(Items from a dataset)
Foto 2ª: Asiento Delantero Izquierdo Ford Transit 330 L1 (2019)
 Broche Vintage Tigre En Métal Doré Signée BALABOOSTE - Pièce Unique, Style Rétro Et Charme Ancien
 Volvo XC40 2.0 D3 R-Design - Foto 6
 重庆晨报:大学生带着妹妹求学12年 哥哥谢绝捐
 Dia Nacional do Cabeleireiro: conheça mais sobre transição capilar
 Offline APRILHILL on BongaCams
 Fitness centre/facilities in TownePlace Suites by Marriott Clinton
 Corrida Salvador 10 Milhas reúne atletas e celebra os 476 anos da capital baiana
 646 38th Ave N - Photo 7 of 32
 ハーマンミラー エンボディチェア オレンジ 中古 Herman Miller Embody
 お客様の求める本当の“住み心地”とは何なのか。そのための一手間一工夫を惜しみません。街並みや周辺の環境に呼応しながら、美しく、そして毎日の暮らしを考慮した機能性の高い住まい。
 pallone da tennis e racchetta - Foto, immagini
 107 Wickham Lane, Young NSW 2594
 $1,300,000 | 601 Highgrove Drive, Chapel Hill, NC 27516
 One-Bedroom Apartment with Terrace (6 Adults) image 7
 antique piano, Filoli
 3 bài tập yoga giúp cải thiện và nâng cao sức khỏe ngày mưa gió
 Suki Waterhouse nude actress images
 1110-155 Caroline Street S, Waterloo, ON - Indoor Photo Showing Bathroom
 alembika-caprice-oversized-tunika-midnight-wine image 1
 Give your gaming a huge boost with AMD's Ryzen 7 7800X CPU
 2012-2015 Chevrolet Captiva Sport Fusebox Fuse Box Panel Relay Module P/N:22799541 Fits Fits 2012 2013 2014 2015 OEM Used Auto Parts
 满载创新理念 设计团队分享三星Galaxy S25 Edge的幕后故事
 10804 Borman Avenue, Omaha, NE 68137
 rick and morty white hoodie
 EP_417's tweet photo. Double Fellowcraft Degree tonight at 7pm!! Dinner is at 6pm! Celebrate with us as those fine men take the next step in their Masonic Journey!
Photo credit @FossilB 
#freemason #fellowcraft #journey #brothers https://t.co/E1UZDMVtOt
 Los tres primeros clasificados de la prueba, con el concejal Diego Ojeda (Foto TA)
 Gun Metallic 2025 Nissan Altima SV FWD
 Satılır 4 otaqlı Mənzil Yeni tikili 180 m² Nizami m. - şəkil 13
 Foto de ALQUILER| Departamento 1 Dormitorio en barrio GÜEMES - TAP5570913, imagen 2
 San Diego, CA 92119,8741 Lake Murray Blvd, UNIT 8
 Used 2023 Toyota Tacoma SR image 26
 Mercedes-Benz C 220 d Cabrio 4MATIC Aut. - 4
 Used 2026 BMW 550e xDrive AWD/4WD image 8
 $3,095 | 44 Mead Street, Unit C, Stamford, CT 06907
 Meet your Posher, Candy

Your task: Lines holding the string "with" must be copied out of the entries above.

Answer to this task:
 One-Bedroom Apartment with Terrace (6 Adults) image 7
 Give your gaming a huge boost with AMD's Ryzen 7 7800X CPU
 EP_417's tweet photo. Double Fellowcraft Degree tonight at 7pm!! Dinner is at 6pm! Celebrate with us as those fine men take the next step in their Masonic Journey!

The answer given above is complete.